Dolar kurunda 8.45’ten başlayan aşağı yönlü bir eğilim var. Ancak destek noktalarında yeni alıcıların geldiği görülüyor. Enflasyonun düşebilmesi için kurun 8’in altına inmesi gerekiyor.
Kısa vadede 8.09 seviyesi önemli. Bu seviyenin altındaki hareket korunabilirse kademeli olarak 7.78’e doğru düşüş sürebilir. 8.09’un üzerinde 8.20 ve 8.48 ilk hedef dirençler olacaktır.
Borsadaki banka hisseleri yabancı satışları ile yılbaşından bu yana yüzde 28 değer kaybetti. Bankaların borç ödeme gücünü gösteren bankometer oranları yüksek. Bankaların piyasa/defter değeri oranları ise 0.39 ile dip seviyelerde.
Borsada işlem gören bankaların borç ödeme güçleri yüksek. Bankaların borç ödeme güçlerini tespit etmek üzere geliştirilmiş pek çok modelden bir tanesi de Bankometer metodu.
Bu metot, bankaların borç ödeme gücünü değerlendirmek için IMF’nin tavsiyeleri de dikkate alınarak geliştirilmiş. Bankometer’in, minimum sayıda parametre ile doğruya en yakın sonuçlara ulaşma özelliğine sahip olduğu söylenebilir.
Metod uygulanırken kullanılan kriterler arasında sermaye aktif varlık, sermaye özvarlık, sermaye yeterlilik, takipteki kredilerin toplam kredilerdeki payı, faiz giderlerinin gelirler içerisindeki payı ve kredilerin varlıklar içerisindeki payı bulunuyor.

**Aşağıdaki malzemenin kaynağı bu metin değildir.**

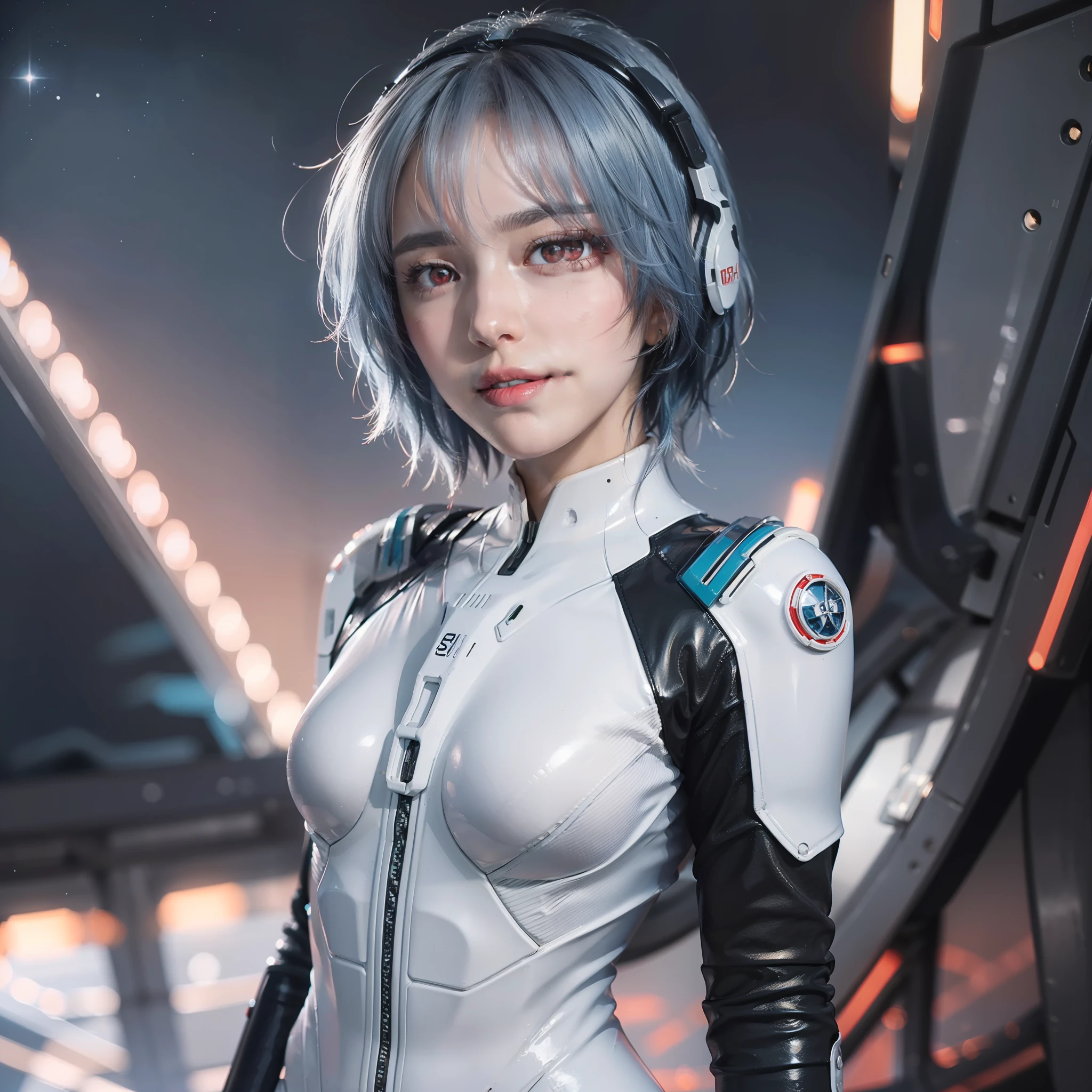 ayanami rei, star_\(sky\), sexy expression, sexy eyes, (red_eyes:1.5), medium breasts, smile, cute, (short blue hair), plugsuit, white_bodysuit, pilot_suit, starry_sky, interface_headset, looking at viewer, (stand pose:1.2), (breast focus:1.2), (realistic:1.2), (cowboy shot: 1.2), (realism), (masterpiece:1.2), (best quality), (ultra detailed), (8k, 4k, intricate), (85mm), light particles, lighting, (highly detailed:1.2), (detailed face:1.2), (gradients), colorful, (detailed eyes:1.2), (detailed sky:1.2), (detailed background), (dynamic angle:1.2), (dynamic pose:1.2), (Line of action:1.2), wide shot, nightlight, solo.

Bankomer skoru kriterlerin ağırlıklandırılması ile oluşturuluyor. Bu parametrelerle hesaplanan bankometer skorunun 70’in üzerinde olması durumunda bankaların borç ödeme güçlerinin de yüksek olduğu sonucuna varılıyor.
Bankaların ana göstergelerinin ağırlıklandırılarak oluşturulduğu Bankometer skoruna göre sektördeki bankaların borç ödeme güçlerinin yüksek olduğunu görüyoruz.
Tarihi rakamlar
Bankaların piyasa değeri/defter değeri 0.39 seviyesinde bulunuyor. VakıfBank’ın piyasa değeri özvarlıklarının yüzde 29’una kadar düşmüş durumda. Halk Bankası’nın piyasa değeri özvarlıklarının yüzde 26’sı seviyesinde. Bankaların genellikle defter değerleri düşüktür. Ancak bu gelinen seviyeler tarihi düşük rakamlar. Bankalar mali yapıları ile bu defter değerilerini hak etmiyor.